Segment Start: Given records
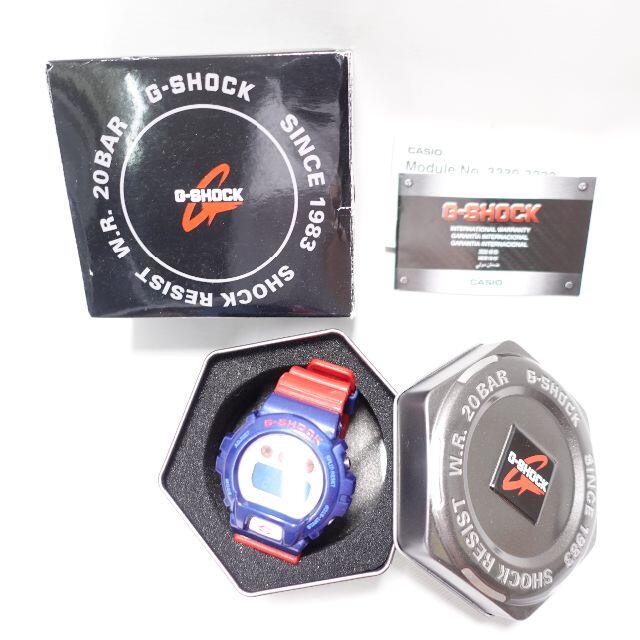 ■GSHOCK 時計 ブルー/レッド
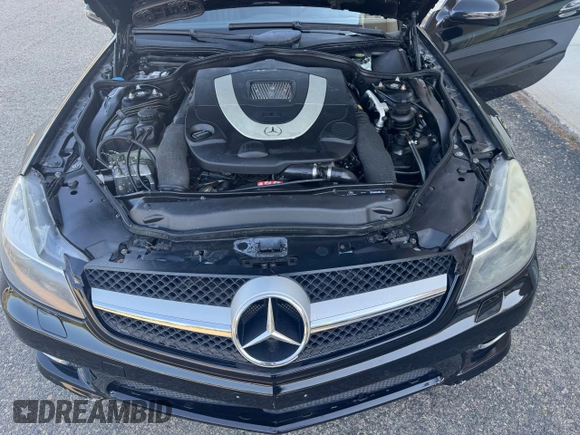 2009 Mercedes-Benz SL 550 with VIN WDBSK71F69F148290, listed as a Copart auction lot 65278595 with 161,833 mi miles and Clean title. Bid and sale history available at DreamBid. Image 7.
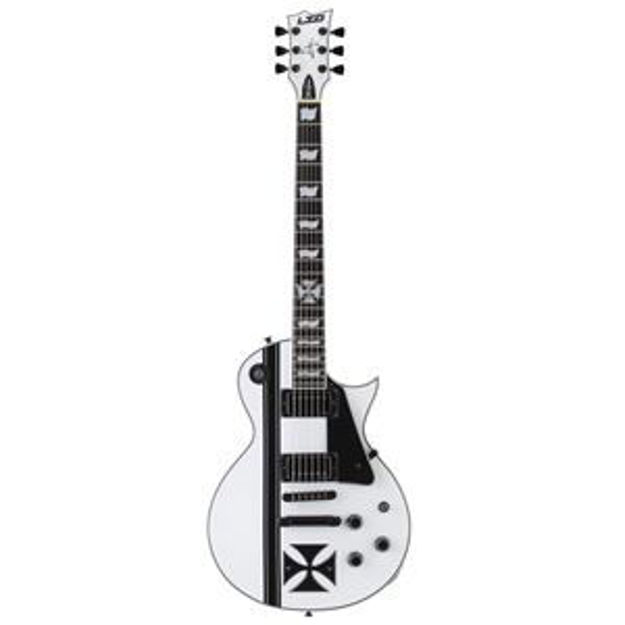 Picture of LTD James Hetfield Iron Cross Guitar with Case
Segment End: Given records
Segment Start: Given records
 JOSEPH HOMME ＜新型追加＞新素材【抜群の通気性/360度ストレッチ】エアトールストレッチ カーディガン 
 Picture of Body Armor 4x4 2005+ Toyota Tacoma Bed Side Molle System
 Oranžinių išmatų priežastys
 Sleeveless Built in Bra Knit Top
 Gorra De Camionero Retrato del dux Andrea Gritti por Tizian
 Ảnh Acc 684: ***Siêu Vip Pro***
Segment End: Given records
▶ **Assignment**: From the records above, give again exactly the lines running from the line with "Gorra De Camionero" to the line with "Ảnh Acc 684: ***Siêu Vip Pro***", inclusive.

▶ **Response box**:
 Gorra De Camionero Retrato del dux Andrea Gritti por Tizian
 Ảnh Acc 684: ***Siêu Vip Pro***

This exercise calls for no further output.